* **PROBLEM DETAILS**: Transcribe all the entries word for word, omitting any pictures they contain.

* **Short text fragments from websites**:
____________________
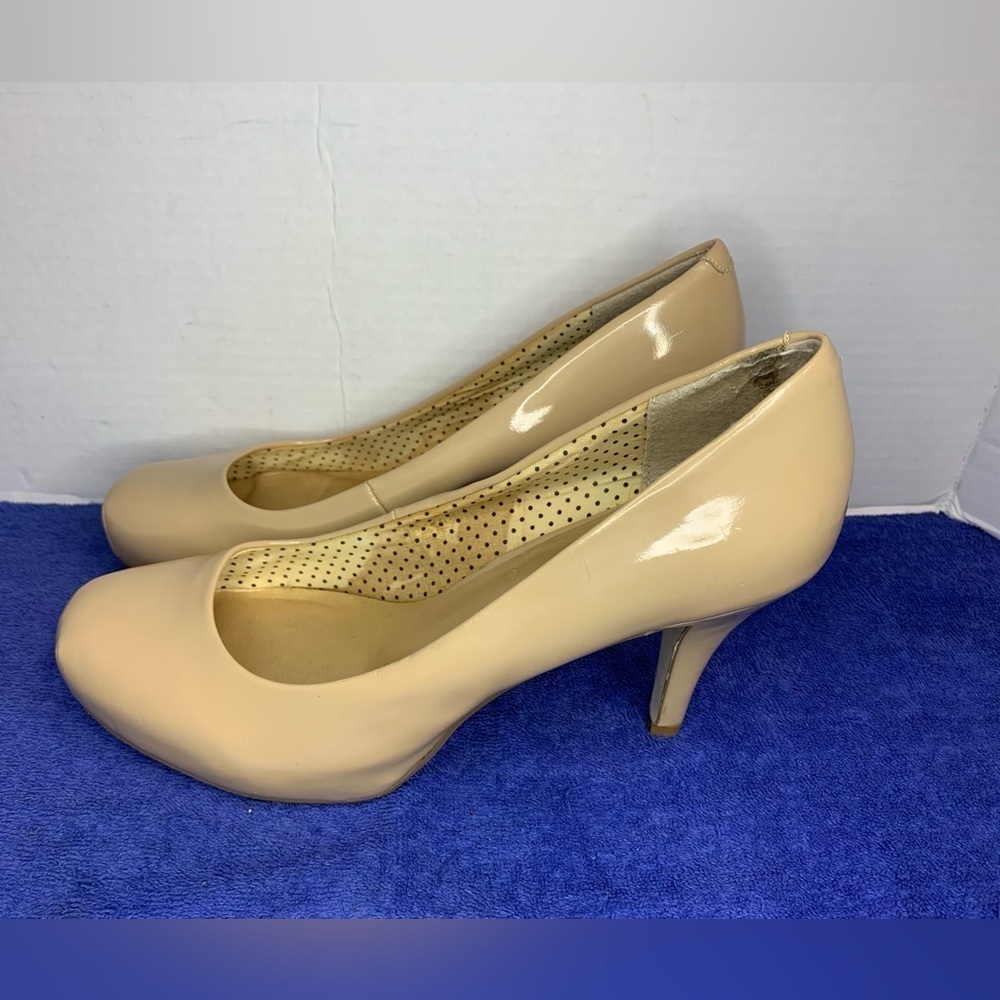 Madden Girl Gettaa Faux Patent Leather Womens Tan 4" Heels Shoes - Size 8 M Nude
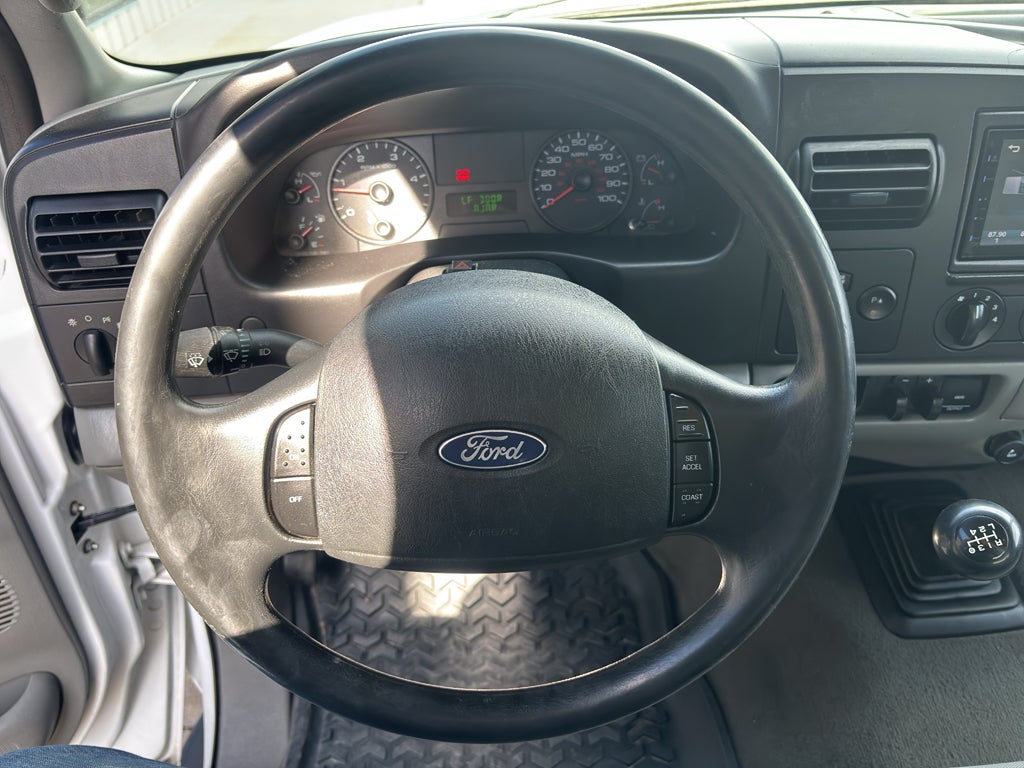 2006 Ford Super Duty F-350 SRW XL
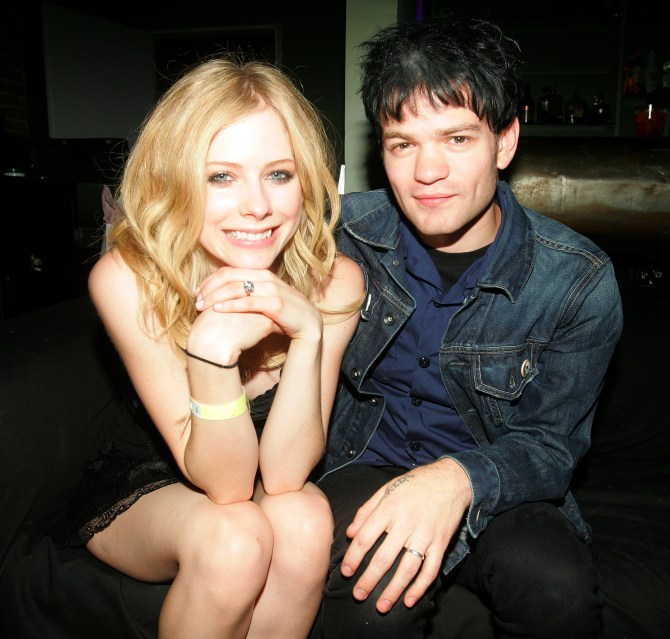 Avril Lavigne, Deryck Whibley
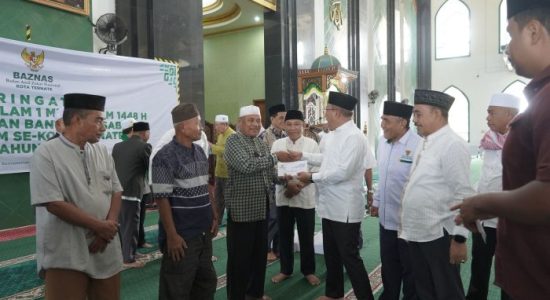 Wali Kota Ternate Serahkan Bantuan ZIS untuk Ratusan Imam dan Badan Syara’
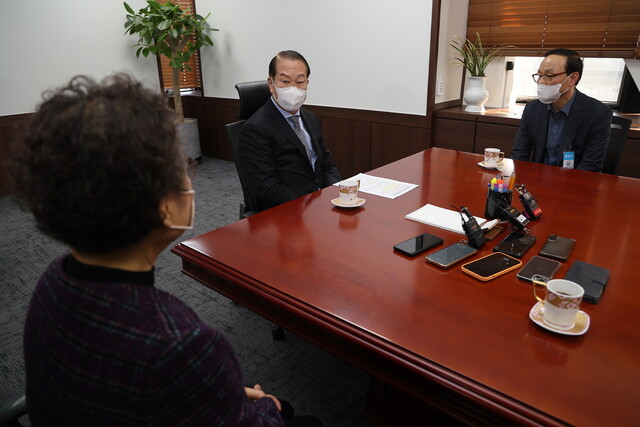 권영세 통일부 장관(가운데)는 21일 정부서울청사에서 북한에 억류된 김정욱씨 등의 가족을 만나 “정부가 할 수 있는 모든 수단을 다 동원해 최선의 노력을 다하겠다”고 밝혔다. 연합뉴스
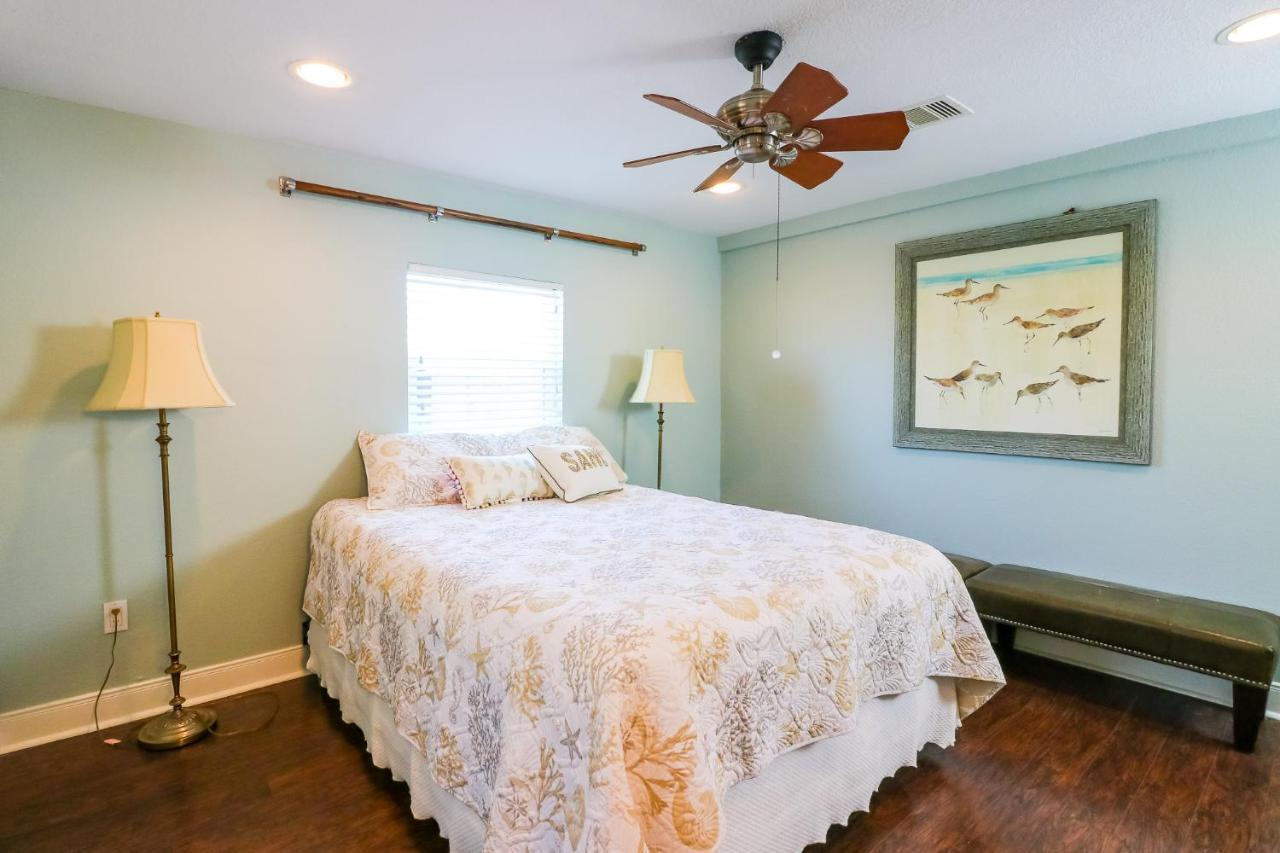 Perfect Location Spacious Yard Coffee Bar At This Lovely Beach Home Galveston Exterior photo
____________________
* **TASK RESPONSE**:
 Madden Girl Gettaa Faux Patent Leather Womens Tan 4" Heels Shoes - Size 8 M Nude
 2006 Ford Super Duty F-350 SRW XL
 Avril Lavigne, Deryck Whibley
 Wali Kota Ternate Serahkan Bantuan ZIS untuk Ratusan Imam dan Badan Syara’
 권영세 통일부 장관(가운데)는 21일 정부서울청사에서 북한에 억류된 김정욱씨 등의 가족을 만나 “정부가 할 수 있는 모든 수단을 다 동원해 최선의 노력을 다하겠다”고 밝혔다. 연합뉴스
 Perfect Location Spacious Yard Coffee Bar At This Lovely Beach Home Galveston Exterior photo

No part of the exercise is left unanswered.